この記事では、名前の由来から具体的な選び方、さらにおすすめのブランドまで、あなたの疑問をスッキリ解決します。これを読めば、次に旅行用品売り場に行った時、自信を持って自分にピッタリの1台を選べるようになりますよ。
スーツケースとキャリーケースの違いとは?
結論から言うと、現在では「スーツケース」と「キャリーケース」に明確な違いはなく、ほぼ同じ意味で使われています。
では、なぜ2つの呼び方があるのでしょうか?
それぞれの言葉の由来
- スーツケース: 元々は「スーツ」を入れる「ケース」のこと。つまり、洋服をシワなく運ぶためのもので、最初はキャスター(車輪)が付いていませんでした。
- キャリーケース: 「運ぶ(Carry)」と「ケース(Case)」を組み合わせた、日本で作られた和製英語です。「キャリーバッグ」と呼ばれることもあります。
昔は「車輪の有無」が違いでしたが、今ではほとんどすべてのスーツケースにキャスターが付いています。そのため、実用的な意味での区別はなくなった、というわけです。
海外では通じる?正しい呼び方
英語圏で「キャリーケース(Carry case)」と言っても、まず通じません。
海外の空港で「スーツケース」と言えば、たいていは通じます。ただし、イメージとしては「衣類を入れる大きな箱型の鞄」というニュアンスが強いです。
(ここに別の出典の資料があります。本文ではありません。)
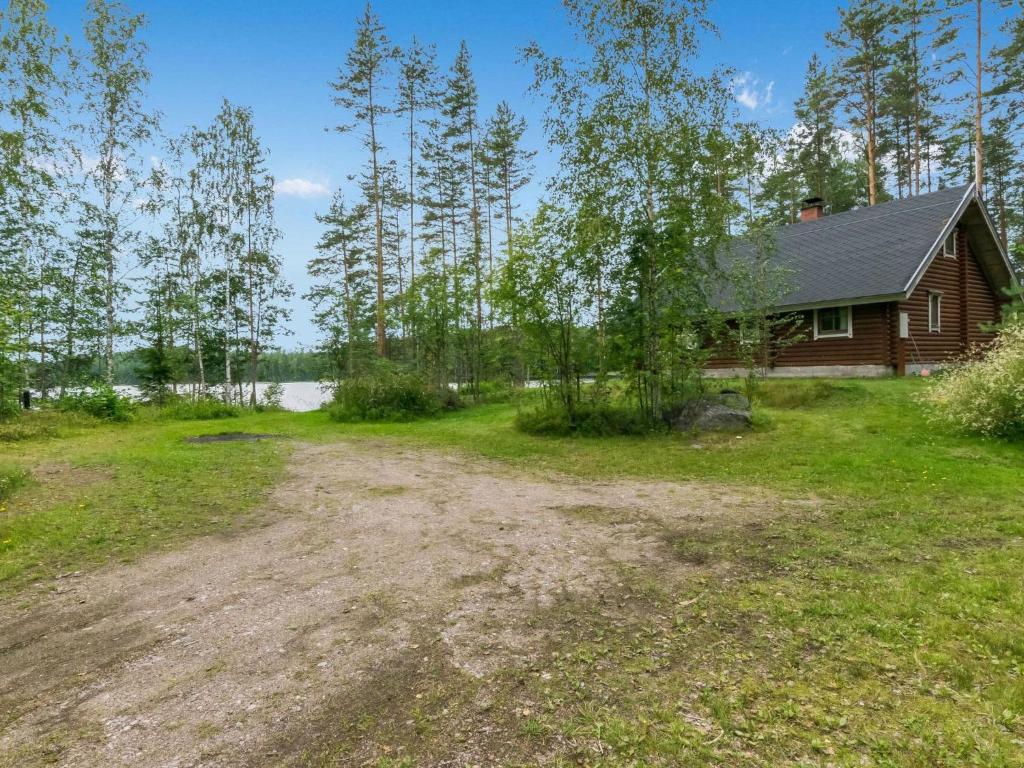 an empty yard in front of a house at Holiday Home Niitsinniemi by Interhome in Laamala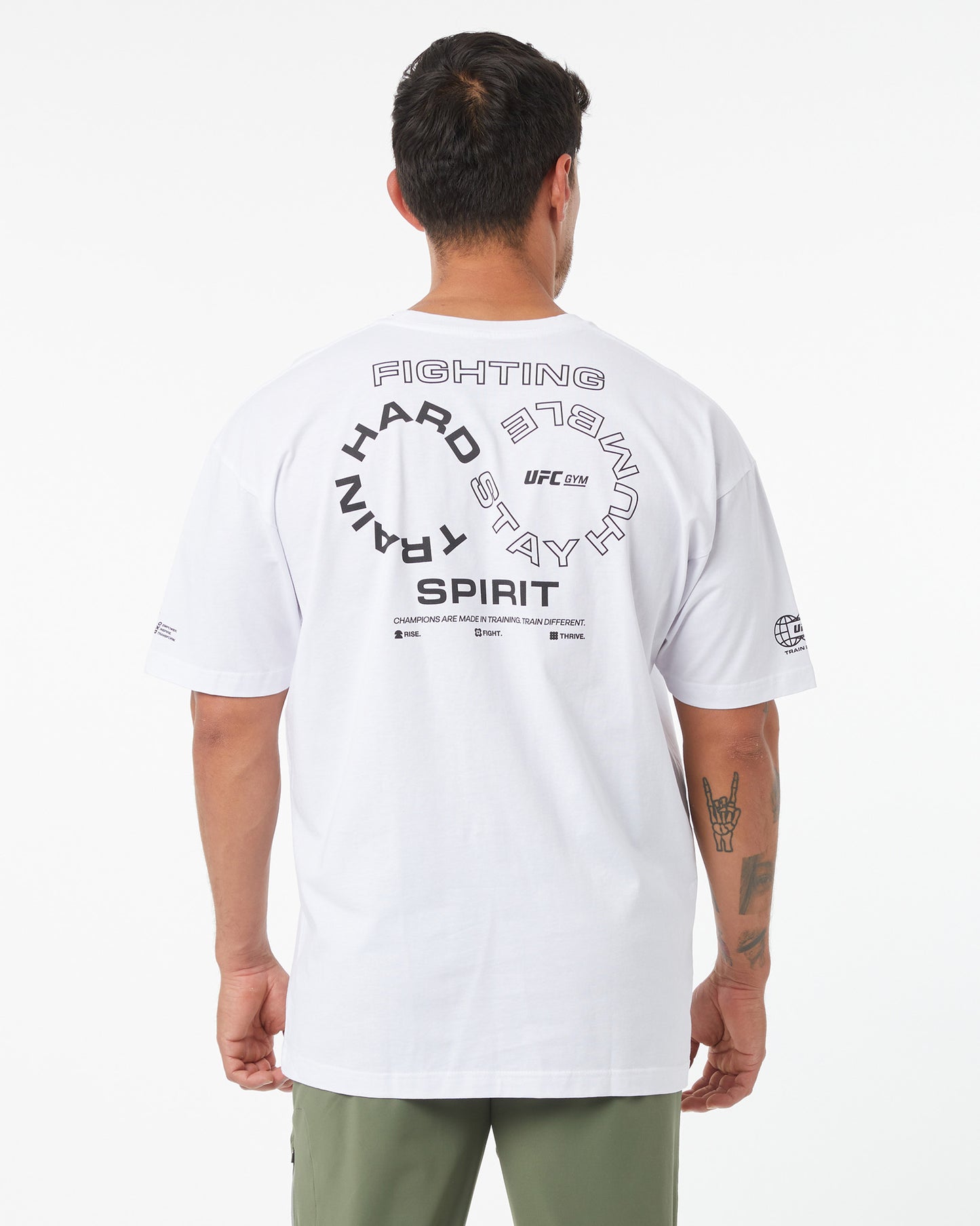 Person wearing a white UFC t-shirt with text on the back against a white background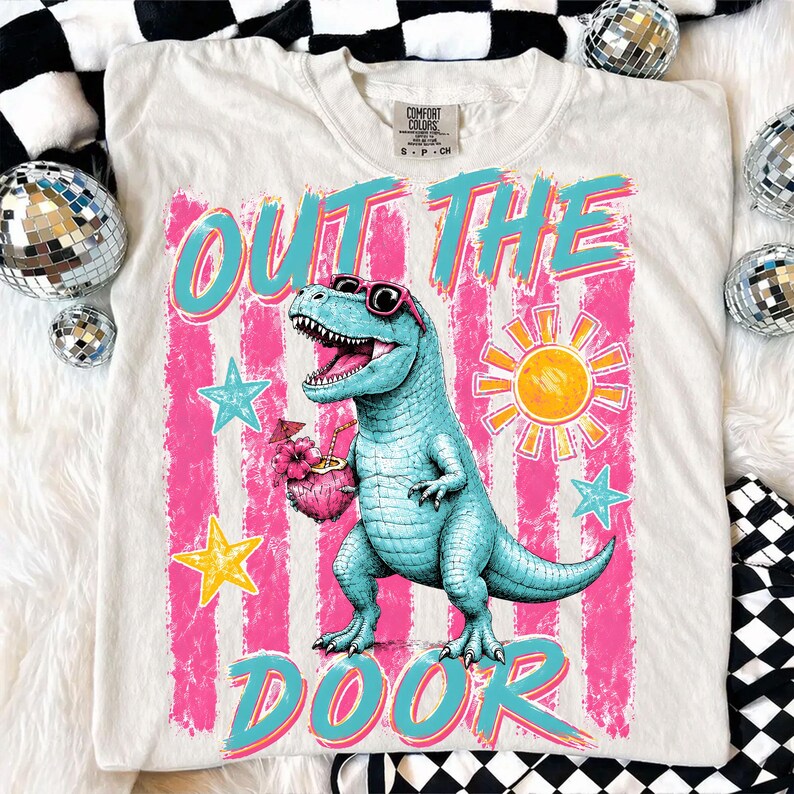 May include: Off-white t-shirt with a turquoise dinosaur wearing sunglasses and holding a tropical drink. The shirt features the words "OUT THE DOOR" in a retro font, with pink and blue accents. A sun and stars complete the design.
より正確に「キャスター付きの鞄」を伝えたい場合は、「トロリーバッグ(Trolley bag)」または「キャリーオン(Carry-on:機内持ち込みサイズの場合)」という言葉が使われます。
まとめ
- 国内販売サイトやお店では「スーツケース」も「キャリーケース」も同じ意味でOK。
- 海外で話す時は「スーツケース」か「トロリーバッグ」が無難。
言葉の違いが分かったところで、次は「失敗しない選び方」を見ていきましょう。
スーツケース(キャリーケース)の失敗しない選び方
スーツケースを選ぶ際に、絶対に外せないポイントは3つです。
- サイズと容量
- 素材(ハード or ソフト)
- キャスターの種類
1. サイズと容量の目安:1泊10Lが基準
どのサイズを選べばいいか迷ったら、「1泊あたり約10L」が目安になります。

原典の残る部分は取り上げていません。